Silent Hill: Book of Memories is a very tough sell. Not only is it a top-down dungeon crawler devoid of any scares, but it is also made by WayForward, a company that I have a poor track-record with. That’s not to say I’m reviewing the game based on these qualities (I have a ton of respect for the company, even though I’ve only liked a couple of their games), but Book of Memories is a game that you need to understand before deciding to drop 40 dollars on it.
Even then, I’m not so sure buying this would be a good idea.

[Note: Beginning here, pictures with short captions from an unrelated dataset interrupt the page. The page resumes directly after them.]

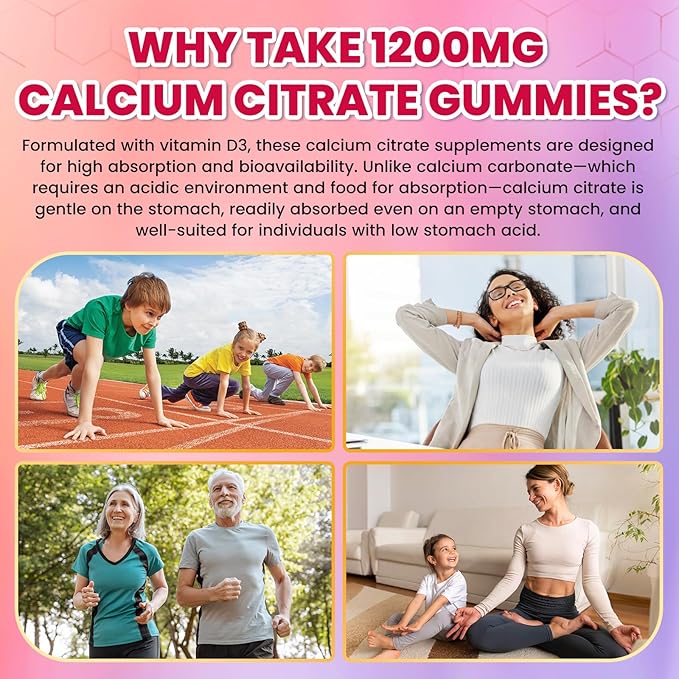 Calcium Citrate Gummies - 1200mg Calcium Gummies Supplements for Women & Men with Vitamin D3, K2, Magnesium, Zinc High Absorption for Bone, Muscle & Immune Support, Fruit Flavor, 120 Count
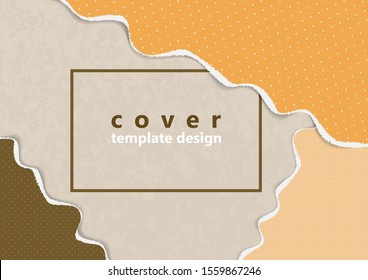 Abstract background of bright colored pieces of paper torn around the edges, polka dots. Template for your design. Vector illustration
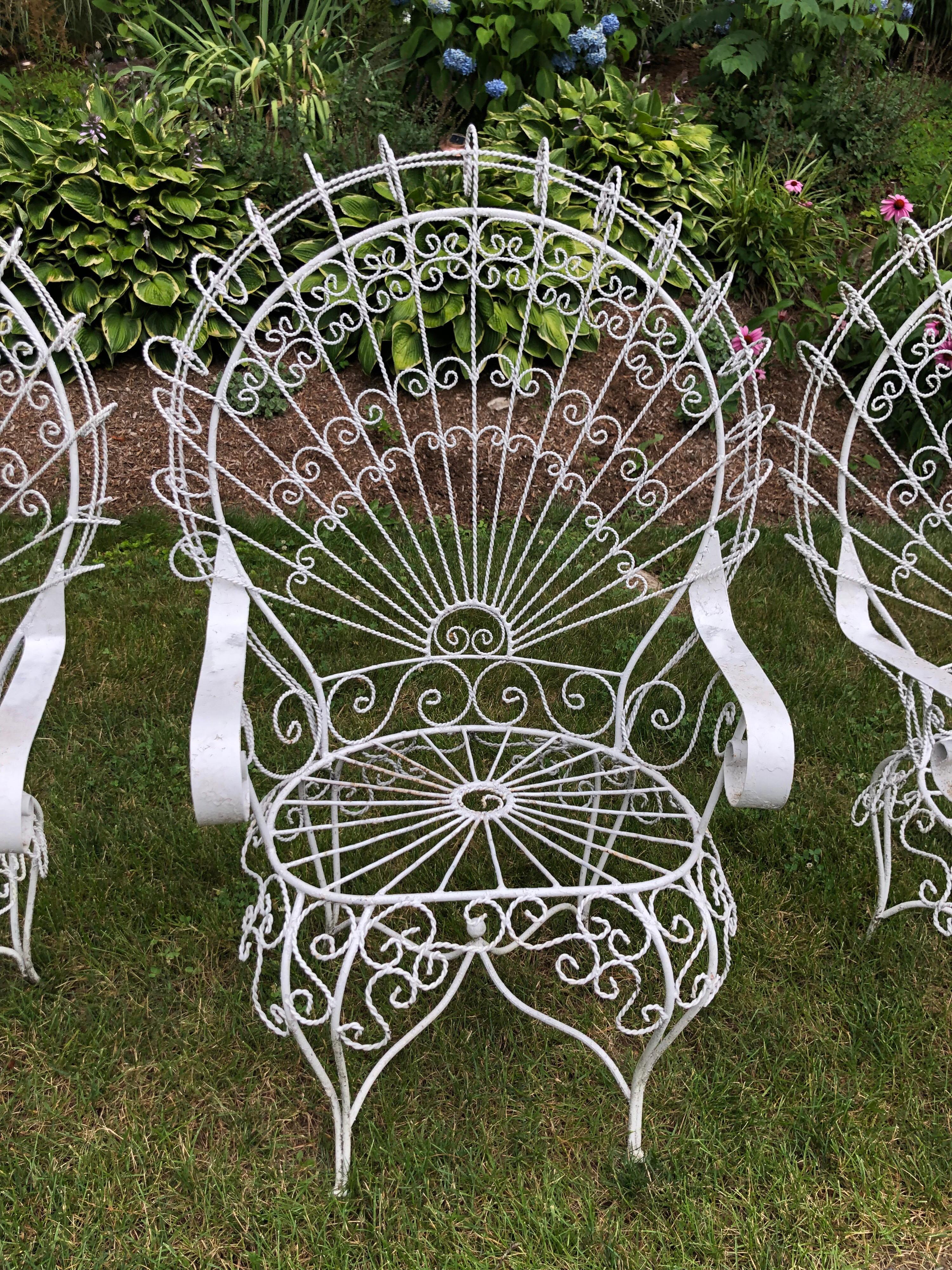Set of Four Vintage Salterini White Peacock Chairs 1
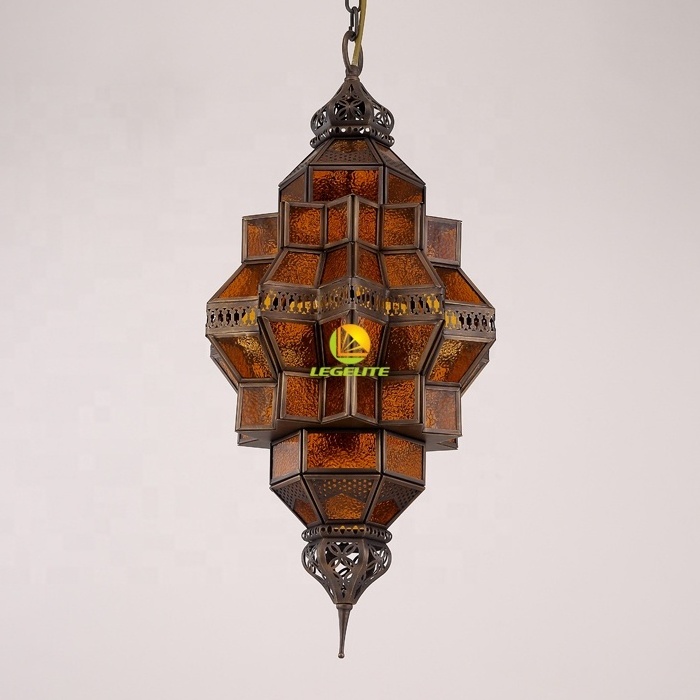 Antique Retro Geometric Amber Textured Ceiling Tiffany Mosaic Glass Brass Moroccan Pendant Lamp Modern Chandelier Pendant Light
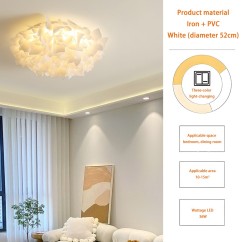 Cream Style Bedroom Ceiling Light Plastic Petal Nordic Girl Warm Romantic Room Living Room Lamps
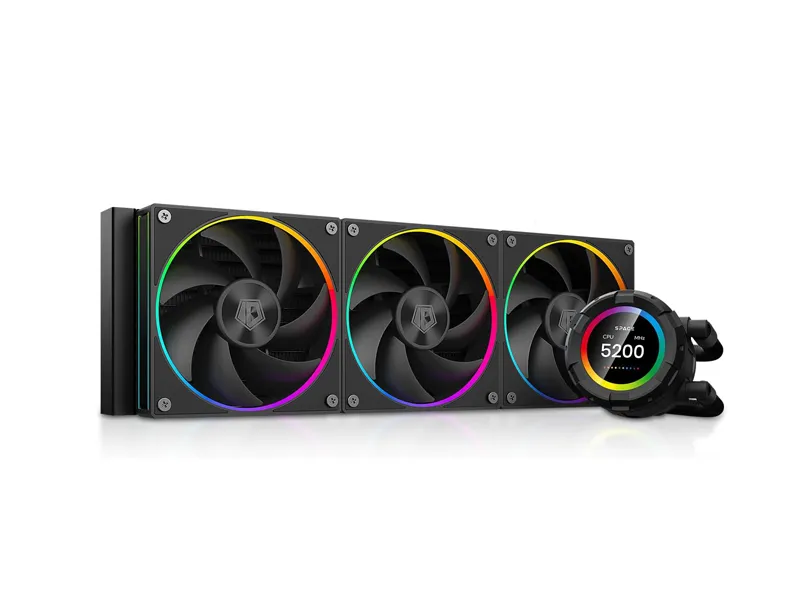 ID-Cooling SL 360 XE 360mm Liquid CPU Cooler with 2.1-Inch LCD Display, 350W TDP Support, Triple 120mm PWM Fans, Aluminum Radiator, Black-CLR-0084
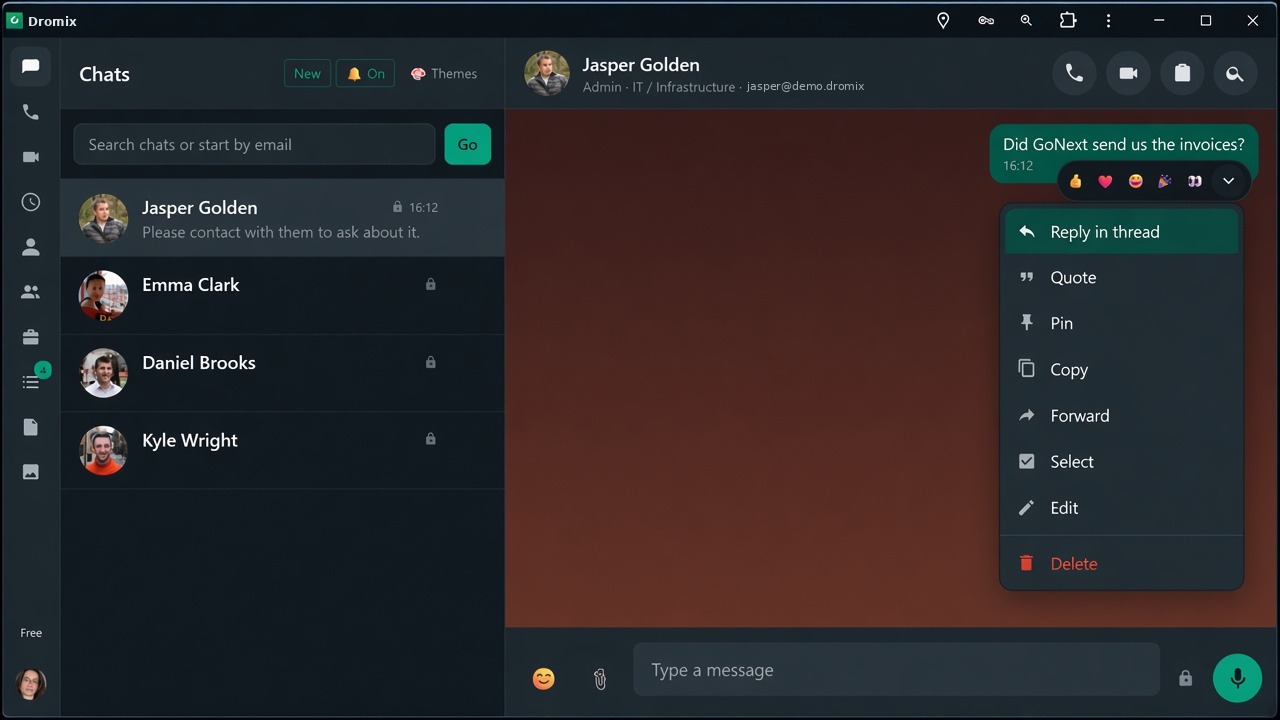 Start a thread from a chat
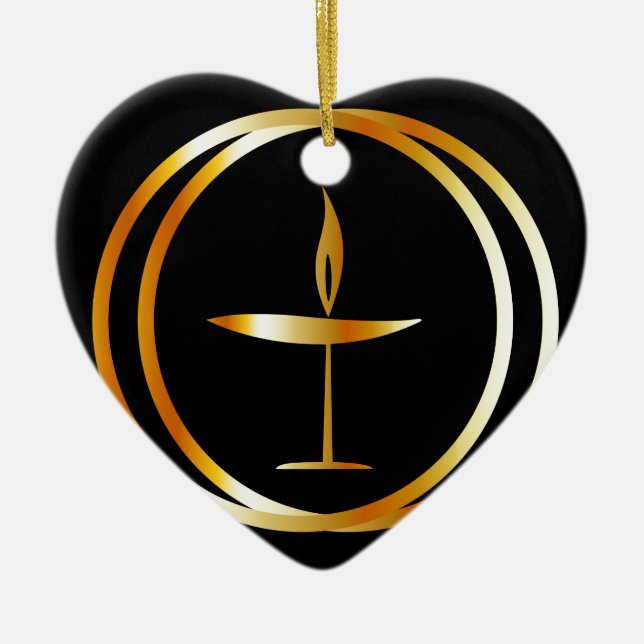 The Flaming Chalice Ceramic Tree Decoration (Front)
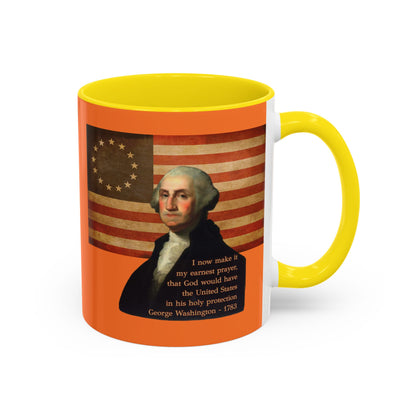 Washington's Earnest Prayer Orange Accent Mug by theGreenDragonTavern.shop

Silent Hill: Book of Memories is unlike any Silent Hill game before. As previously mentioned, it’s a top-down dungeon crawler that tasks you with grabbing loot, leveling up, and exploring the areas — kind of like the Diablo series. In addition, despite being referred to as survival horror, the game is not very scary. The limited story has no pacing, and feels like it’s there because it has to be; in addition, the Silent Hill branding doesn’t feel necessary to this game. Other than some mentions of the location, as well as some monsters that are straight out of the series, very little has anything to do with Silent Hill.
The story follows a person (who can be built via the limited customization feature) who receives a mysterious package. Upon opening it, he or she receives a book that lists all of the experiences that occurred over their life. Hell-bent on changing the bad things, our “hero” tries to re-write the book, and must do so by jumping into his own nightmares. Or…something. The story introduces too many plot-threads at once, and very few of them are explained in a satisfying manner by the end of the game. By the time I beat the final boss and saw the ending, I realized that I had stopped following the story by the halfway point. It just isn’t that interesting.
The gameplay, in its own right, is very competent. Brandishing guns for long-range attacks and a plethora of melee weapons for short-range, everything works exactly as you would expect from this kind of game. Combat is simplistic yet addicting, areas feel repetitive yet demand your exploration, and loot is littered all over the place. If I had one complaint about it, it would be that the weapons degrade way too quickly. Perhaps to provide a sense of realism, balance, or both, Book of Memories degrades your weapons as you use them. The only problem is that it happens way too quickly, and feels like an unnecessary annoyance more than anything.
Within each of the six main areas are three “Zones” and one boss room. Zones are essentially large dungeon floors, and to clear each, a painfully easy object puzzle needs to be solved at the end. The tricky part comes in when each of the five-or-so puzzle pieces needs to be found in their own separate room, each requiring that a group of enemies are defeated. This adds a layer of difficulty, but the scavenger hunts are present in every single Zone, and every single one of these rooms simply require that you hit the Square and Triangle buttons enough times to beat them. There is a little difference in the objectives as you progress through the game, but even as the areas change, it all feels the same.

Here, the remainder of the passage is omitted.